Task goal: What you return should be the lines of the data containing "with", each in full.

Exercise data:
++++++++
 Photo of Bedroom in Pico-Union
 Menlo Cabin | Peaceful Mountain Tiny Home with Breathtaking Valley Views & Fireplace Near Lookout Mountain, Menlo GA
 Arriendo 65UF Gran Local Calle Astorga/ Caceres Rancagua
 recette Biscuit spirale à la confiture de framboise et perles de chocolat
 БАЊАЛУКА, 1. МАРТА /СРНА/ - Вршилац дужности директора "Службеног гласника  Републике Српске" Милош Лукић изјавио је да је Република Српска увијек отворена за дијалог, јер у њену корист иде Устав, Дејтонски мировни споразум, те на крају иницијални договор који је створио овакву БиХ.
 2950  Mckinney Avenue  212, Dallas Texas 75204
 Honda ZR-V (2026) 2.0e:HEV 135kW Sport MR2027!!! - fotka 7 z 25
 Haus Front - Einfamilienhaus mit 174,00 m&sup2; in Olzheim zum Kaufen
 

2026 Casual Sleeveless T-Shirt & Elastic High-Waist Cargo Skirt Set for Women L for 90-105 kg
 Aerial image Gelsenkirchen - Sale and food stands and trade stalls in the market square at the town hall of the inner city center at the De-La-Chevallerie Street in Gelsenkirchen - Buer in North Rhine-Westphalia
++++++++
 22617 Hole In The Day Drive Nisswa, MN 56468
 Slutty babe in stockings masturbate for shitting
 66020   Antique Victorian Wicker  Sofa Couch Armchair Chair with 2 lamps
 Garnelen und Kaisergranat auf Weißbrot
++++++++
Your response:
 Menlo Cabin | Peaceful Mountain Tiny Home with Breathtaking Valley Views & Fireplace Near Lookout Mountain, Menlo GA
 66020   Antique Victorian Wicker  Sofa Couch Armchair Chair with 2 lamps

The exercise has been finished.